### Task brief
Using the listing below, print the line containing "this 250×188 image.", the line containing "this 800×600 image.", and each line between them, exactly and nothing else. Pictures stay out of the print.

### Source data
-- Opening Marker --
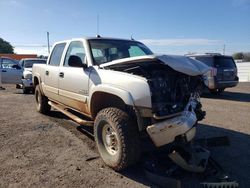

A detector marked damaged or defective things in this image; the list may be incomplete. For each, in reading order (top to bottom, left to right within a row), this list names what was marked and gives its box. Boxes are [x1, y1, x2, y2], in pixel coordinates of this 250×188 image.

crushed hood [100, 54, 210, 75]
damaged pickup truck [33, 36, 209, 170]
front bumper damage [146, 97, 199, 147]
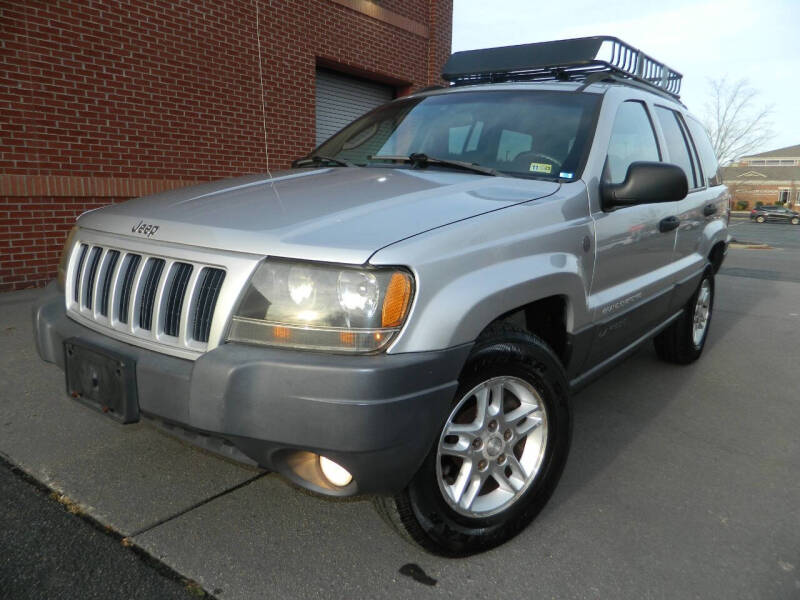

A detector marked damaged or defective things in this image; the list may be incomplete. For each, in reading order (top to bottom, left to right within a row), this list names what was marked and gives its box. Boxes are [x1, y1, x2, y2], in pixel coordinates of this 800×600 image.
-- Closing Marker --
-- Opening Marker --
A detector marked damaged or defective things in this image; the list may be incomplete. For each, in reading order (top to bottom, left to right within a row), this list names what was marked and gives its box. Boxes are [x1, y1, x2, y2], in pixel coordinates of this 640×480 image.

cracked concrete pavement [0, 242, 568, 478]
-- Closing Marker --
-- Opening Marker --
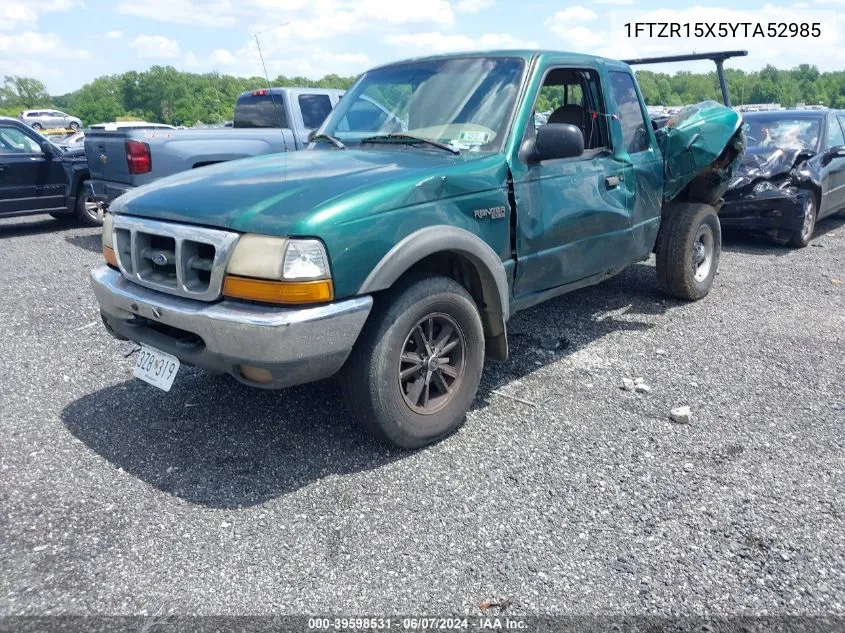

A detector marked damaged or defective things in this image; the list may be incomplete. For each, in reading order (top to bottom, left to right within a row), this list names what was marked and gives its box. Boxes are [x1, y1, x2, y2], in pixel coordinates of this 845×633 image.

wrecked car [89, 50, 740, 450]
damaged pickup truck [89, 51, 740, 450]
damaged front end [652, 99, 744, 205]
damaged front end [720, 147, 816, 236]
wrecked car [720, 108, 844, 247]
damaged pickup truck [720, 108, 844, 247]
-- Closing Marker --
### Answer for the task
A detector marked damaged or defective things in this image; the list may be incomplete. For each, in reading order (top to bottom, left to right within a row), this list names what was marked and gives its box. Boxes are [x1, y1, x2, y2], in pixel coordinates of this 250×188 image.

crushed hood [100, 54, 210, 75]
damaged pickup truck [33, 36, 209, 170]
front bumper damage [146, 97, 199, 147]

A detector marked damaged or defective things in this image; the list may be incomplete. For each, in reading order (top to bottom, left to right within a row), this list names what was marked and gives its box. Boxes are [x1, y1, x2, y2], in pixel coordinates of this 800×600 image.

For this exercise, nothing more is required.